Child abuse: council liable for foster parents

VICARIOUS LIABILITY

Case Armes v Nottinghamshire County Council (2017) The Times, November 6, Supreme Court

Facts A was taken into care by NCC in 1985 when she was aged seven. She was physically and sexually abused by successive foster parents with whom she was placed while in care. NCC had not been negligent in the selection or supervision of the foster parents. The issue was whether NCC was liable to A.

Decision 1. NCC was liable.

  1. The doctrine of vicarious liability could only apply where the relationship between the defendant and the tortfeasor had particular characteristics justifying the imposition of such liability.

  2. A classic example of such a relationship was that between employer and employee. The doctrine could also apply where the relationship had certain characteristics similar to those found in employment, subject to there being a sufficient connection between the relationship and the commission of the tort.

  3. In Cox v Ministry of Justice the Supreme Court referred to five incidents of the relationship between employer and employee as making it fair, just and reasonable to impose vicarious liability and which could properly give rise to vicarious liability where other relationships had the same incidents and could be treated as akin to employment:

* The employer was more likely to have the means to compensate the victim than the employee and could be expected to have insured against that liability;

* The tort would have been committed as a result of activity being taken by the employee on behalf of the employer;

* The employee’s activity was likely to be part of the business activity of the employer;

* The employer, by employing the employee to carry out the activity, would have created the risk of the tort committed by the employee;

* The employee would have, to a greater or lesser degree, have been under the control of the employer.

  1. The relevant activity of NCC was the care of children who had been committed to its care. It was under a statutory duty to care for such children. In order to discharge that duty, so far as it involved the provision of accommodation, maintenance and daily care, it recruited, selected and trained persons who were willing to look after children in their homes as foster parents. It inspected their homes before any placement was made.

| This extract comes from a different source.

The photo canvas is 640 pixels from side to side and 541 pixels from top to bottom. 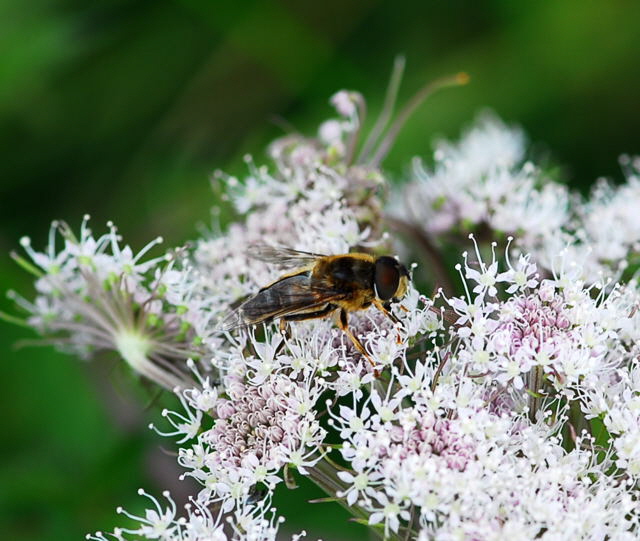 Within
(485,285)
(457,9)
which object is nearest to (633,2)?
(457,9)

  2. NCC paid allowances to foster parents, provided them with equipment and provided training. Foster parents were expected to co-operate with social workers with whom they had regular meetings. NCC involved foster parents in decision-making and required them to co-operate with arrangements for contact with the child’s family.

  3. Foster parents could not be regarded as carrying on an independent business of their own. They provided care to the child as an integral part of its child care services.

  4. It was impossible to draw a sharp line between the activity of NCC and the foster parents. It was NCC which possessed parental powers in relation to the children.

  5. NCC exercised powers of approval, inspection, supervision and removal without any parallel in ordinary family life. It exercised a significant degree of control over what the foster parents did and how they did it.

  6. Vicarious liability was only of practical relevance where the principal tortfeasor could not be found or was not worth suing and the person sought to be made vicariously liable was able to compensate the victim of the tort.

  7. These conditions were satisfied in the present context. Most foster parents had insufficient means to meet a substantial award of damages and were unlikely to have relevant insurance. NCC could more easily compensate the victims of injuries, which were often serious and long lasting.

  8. Vicarious liability would not be imposed if the abuse had been perpetrated by the child’s parents, if the child had been placed with them, because the parents would not have stood in a relationship of the kind described in Cox v Ministry of Justice.